Only around half the countries that signed the Organisation for Economic Co-operation and Development's (OECD) anti-bribery convention actually investigate or pursue foreign bribery cases, anti-corruption group Transparency International said Thursday.
"Twenty-two of the forty-one OECD anti-bribery convention countries have failed to investigate or prosecute any foreign bribery case during the last four years, violating their obligation to combat cross-border bribery," TI said in a statement.
"By signing up to the OECD anti-bribery convention, governments commit to investigate and prosecute cross-border corruption, yet nearly half of signatory governments are not doing so," complained TI chief Jose Ugaz.
"The OECD must ensure real consequences for such poor performance. Violation of international law obligations to counter cross-border corruption cannot be tolerated."

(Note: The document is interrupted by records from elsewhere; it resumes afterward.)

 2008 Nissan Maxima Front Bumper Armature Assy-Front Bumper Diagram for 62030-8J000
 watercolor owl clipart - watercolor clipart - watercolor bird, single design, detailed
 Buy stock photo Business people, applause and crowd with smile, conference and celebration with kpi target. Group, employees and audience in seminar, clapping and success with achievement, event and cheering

The anti-corruption group said that 20 countries "have not brought any criminal charges for major cross-border corruption by companies in the last four years."

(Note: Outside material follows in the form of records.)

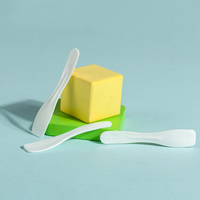 Mini spatule crème cosmétique Stock couleur blanche petite brosse de soins de la peau en plastique avec utilisation de marque privée pour le Logo d'impression de beauté du visage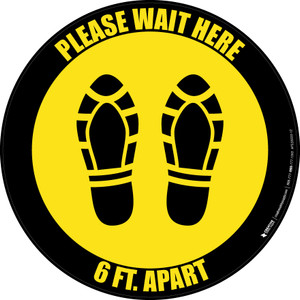 Please Wait Here 6 Ft Apart Shoe Prints Yellow Black Border Circular - Floor Sign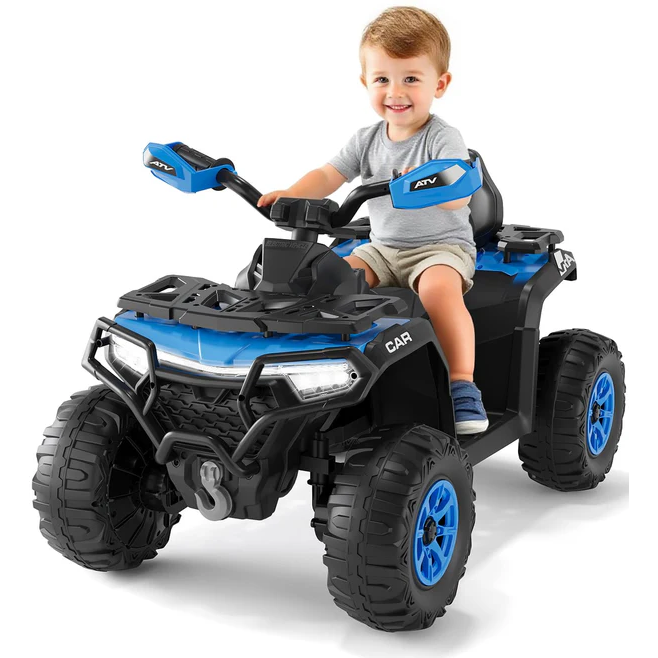 Garvee Quad Eléctrico 12V, Control Remoto, 2 Motores Potentes, Suspensión, LED, Bluetooth, Música, USB, 3-6 años, Exterior, Azul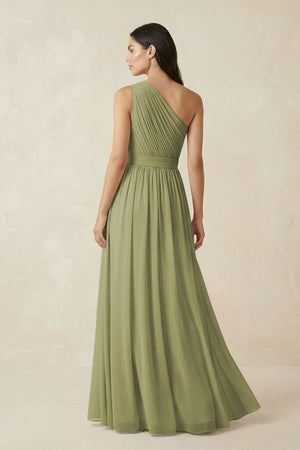 One - Shoulder Pleated Chiffon Bridesmaid Gown in Moss Green - SHE IS ME Bridesmaid Dresses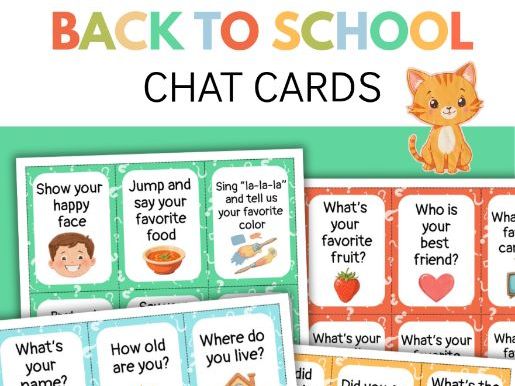 Back to School Chat Cards – Icebreaker Speaking Game for ESL Students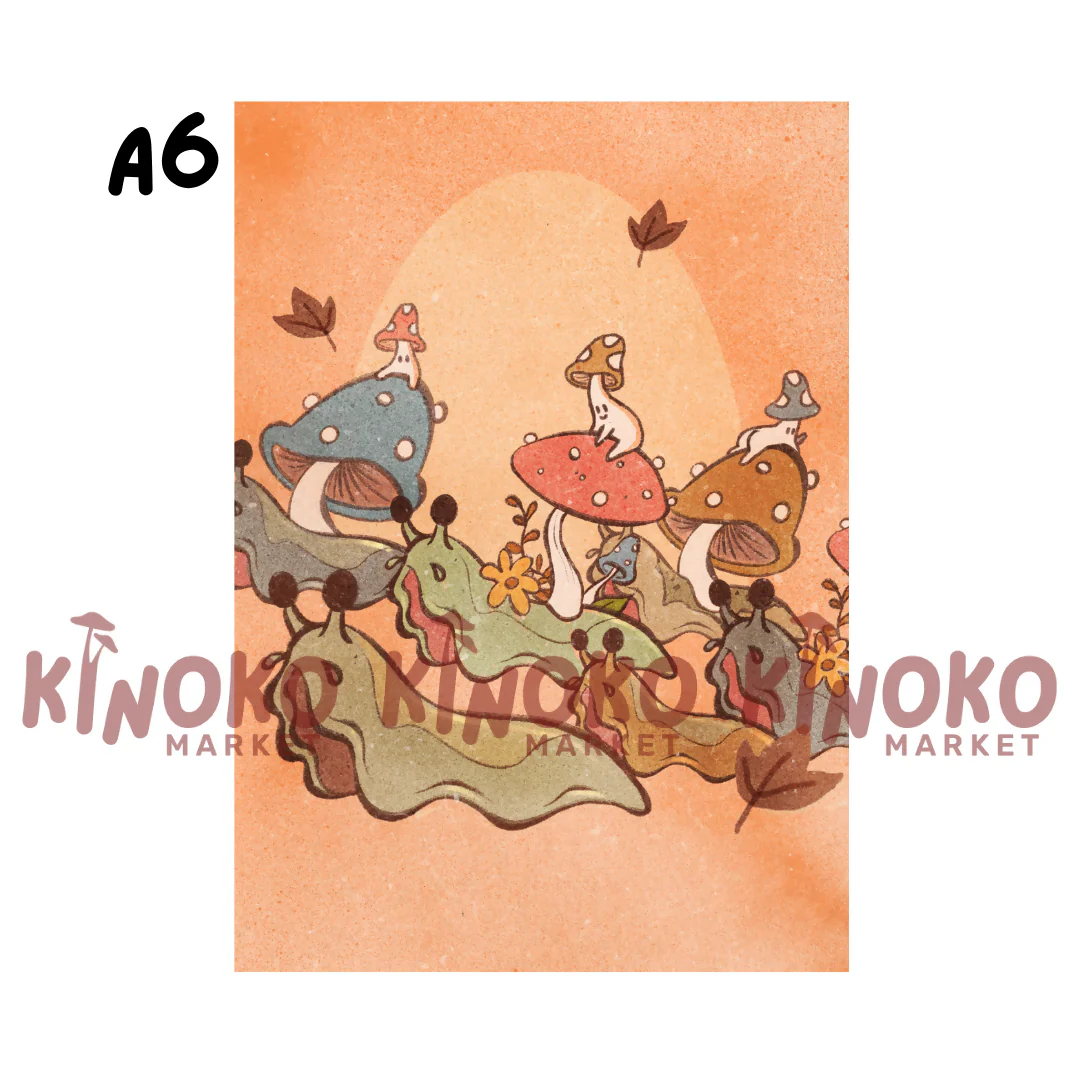 Slugs and Mushrooms A6 Print - Image 2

By contrast, four countries -- Germany, Switzerland, Britain and the United States -- had completed 215 cases and started 59 new ones from 2011 until 2014.
"The 20 countries with little or no enforcement make up 20.4 percent of world exports," TI said.
"These countries are failing to investigate and prosecute cross-border bribery due to a lack of political will and inadequate resources allocated toward enforcement measures and investigations," it said.
In 12 convention countries, including some "old democracies, effective political influence or its risk hinders the work of the criminal justice system," TI complained.